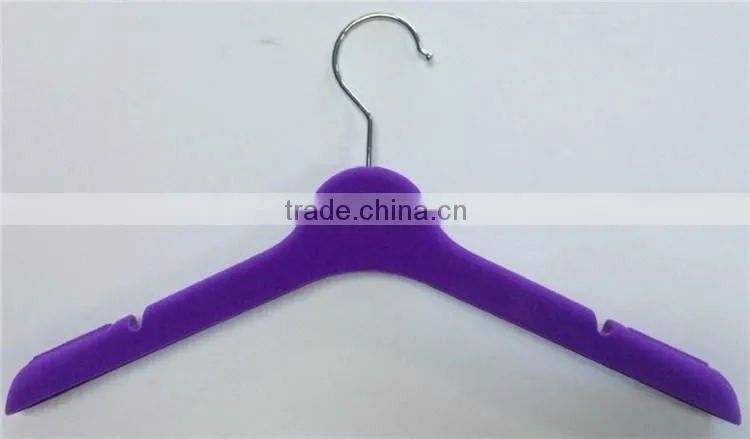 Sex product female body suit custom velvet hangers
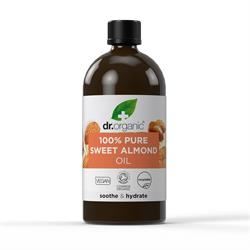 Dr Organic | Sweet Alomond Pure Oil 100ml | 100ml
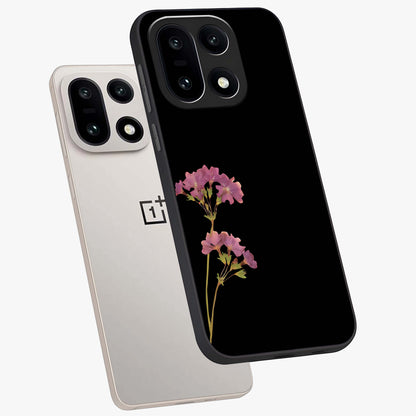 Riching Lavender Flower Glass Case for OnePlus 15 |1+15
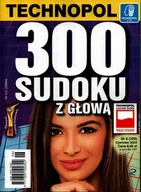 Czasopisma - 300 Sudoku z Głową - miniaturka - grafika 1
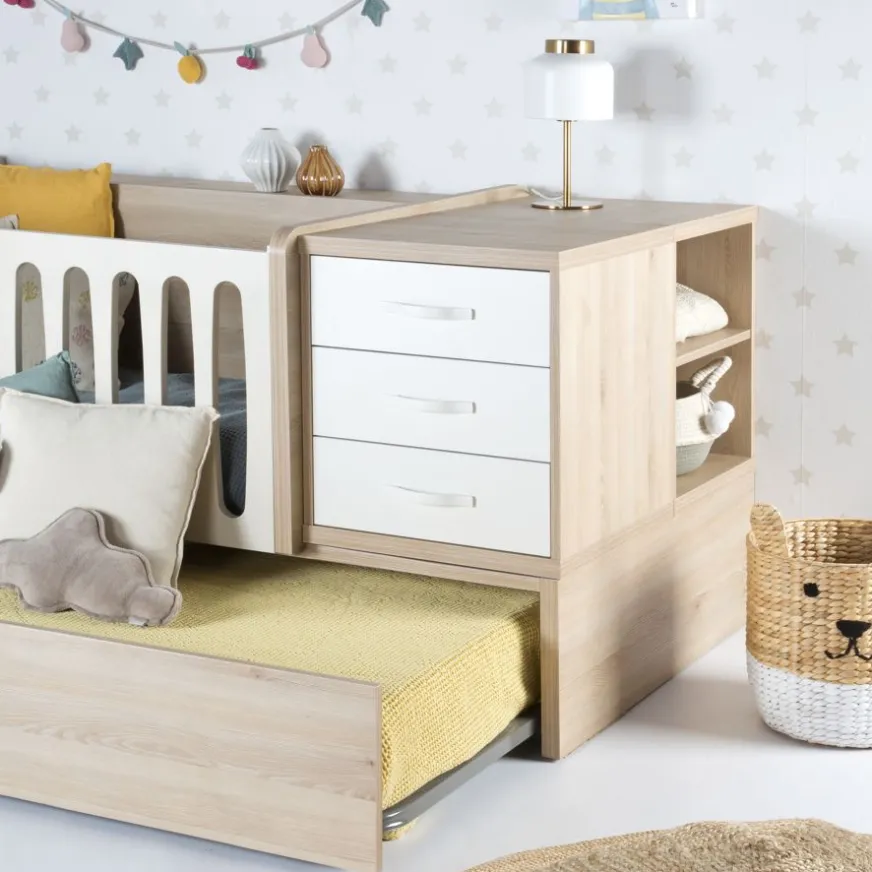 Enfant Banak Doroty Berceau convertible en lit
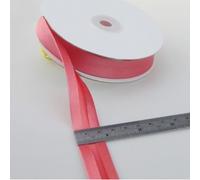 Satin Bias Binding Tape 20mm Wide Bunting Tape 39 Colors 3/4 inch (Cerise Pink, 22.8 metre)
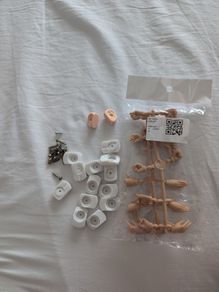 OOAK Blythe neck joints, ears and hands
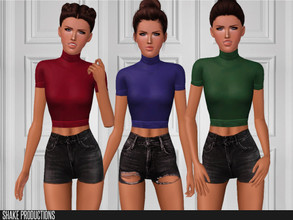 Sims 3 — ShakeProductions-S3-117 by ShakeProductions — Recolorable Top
----------------------------------------
## PROBLEM REQUIREMENTS
Leave the pictures out, and please copy only the lines from the one with "Satin Bias Binding" through the end of the listing.

## SOLUTION
 Satin Bias Binding Tape 20mm Wide Bunting Tape 39 Colors 3/4 inch (Cerise Pink, 22.8 metre)
 OOAK Blythe neck joints, ears and hands
 Sims 3 — ShakeProductions-S3-117 by ShakeProductions — Recolorable Top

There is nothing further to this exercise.